Social Learning and Green Consumption: Evidence from Climate Shocks

with Sumit Agarwal, Yupeng Lin, and Jean Zeng
This paper examines the impact of learning about the adverse effects of climate change on households’ environmental behaviors. We rely on natural disaster-triggered climate discussions from friends to generate exogenous variations in the intensity of learning. Utilizing proprietary data from a major food delivery platform in the U.S., we find that individuals’ learning about their friends’ disaster experiences via social media translates into a dietary transition towards foods with a low-carbon footprint. Friends' climate-related social media posts act as an accelerator, enhancing these changes in consumption patterns. Further, individuals subsequently increase their own climate change discussions online, creating a reinforcing information-consumption loop that propagates through the network.
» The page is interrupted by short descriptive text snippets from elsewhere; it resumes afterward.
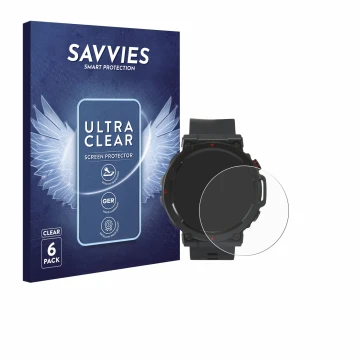 Front side of a product packaging with the brand logo Savvies. Next to it is the device Crivit Sport-Smartwatch shown with the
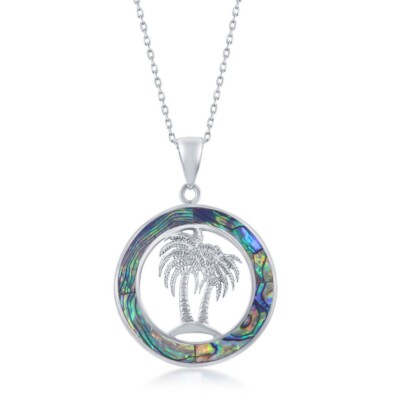 Sterlingsilber Palmen Abalone Kreis Anhänger mit Kette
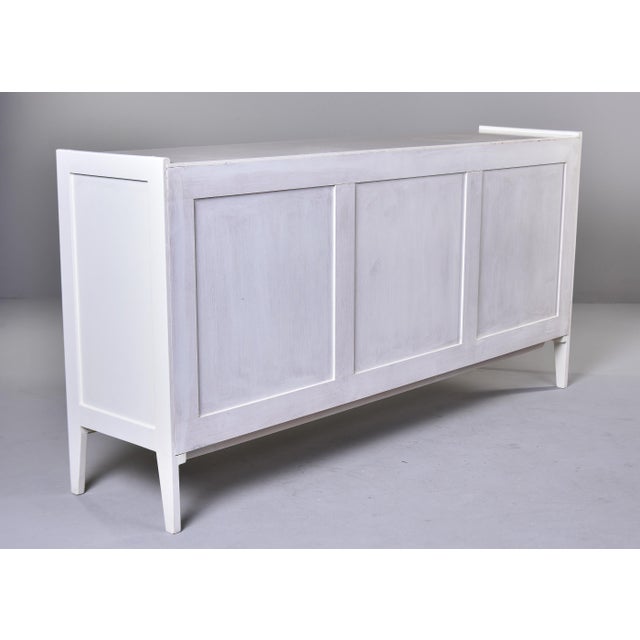 1950s Mid-Century Scandinavian Credenza in White Lacquer For Sale - Image 5 of 12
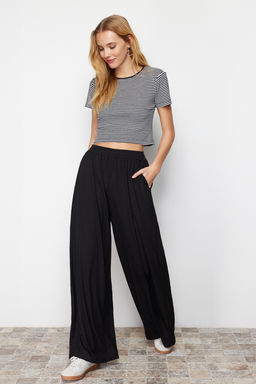 TRENDYOLMILLA Siyah Wide Leg Fitilli Esnek Orme Pantolon TWOSS24PL00075 фото 3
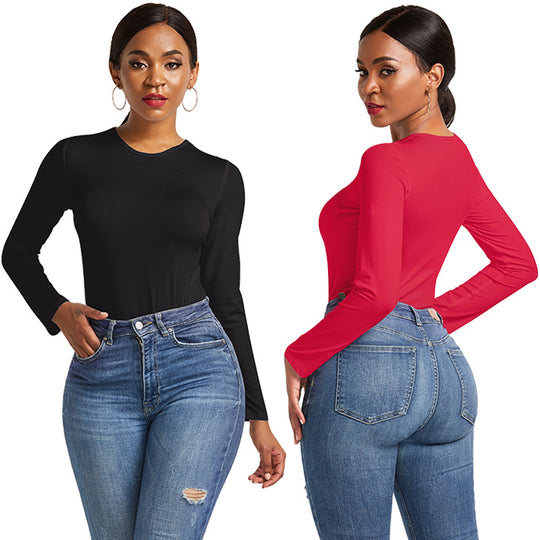 Damen Eleganter Langarmbody mit hohem Beinausschnitt EB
How Does Capital Gains Realization Respond to Tax Rate Intertemporal Discontinuity?

with Li Huang, Oliver Zhen Li, and Xiaoyu Xue
Relying on county-level capital gains realization information and state-level capital gains tax rates, we provide direct evidence that capital gains tax rate intertemporal discontinuity—the difference between short-term and long-term rates—reduces capital gains realization. More importantly, this negative association increases with adjusted gross income and taxpayer age, two prominent taxpayer characteristics associated with added reluctance to realize short-term capital gains. Further, taxpayer sophistication, as reflected in attention paid to capital gains tax and the number of local tax professionals, enhances the negative association between gain realization and rate discontinuity, while risk-taking preference and individualism mitigate taxpayers’ tendency to delay capital gains realization due to rate discontinuity. Our results provide direct evidence of a negative effect of tax rate discontinuity on capital gains realization, and we demonstrate that the desire to delay quick realization of capital gains due to rate discontinuity varies consistently with taxpayers’ characteristics and incentives.

Credit Supply Externalities of Intertemporal Income Shifting

with Hansol Jang, Oliver Zhen Li, and Xiaoyu Xue
Under Review
Tax avoidance, despite its apparent damage to immediate fiscal revenue, can potentially generate positive externalities that fuel otherwise absent economic activities. Using U.S. county-level tax statistics and bank-level data, we show that high-income taxpayers, in anticipation of a tax increase in 2013, accelerate their taxable income realizations, especially capital gains. A significant portion of the proceeds goes to bank deposits. This increase in deposits leads banks to expand their credit supply, with much of the additional lending going to real estate loans that benefit small residential properties, especially in counties with lower levels of income and educational attainment and greater shares of rural population. Our research provides evidence that intertemporal income shifting, while reducing immediate tax revenue, has a positive externality on credit supply and potentially enhances financial inclusion.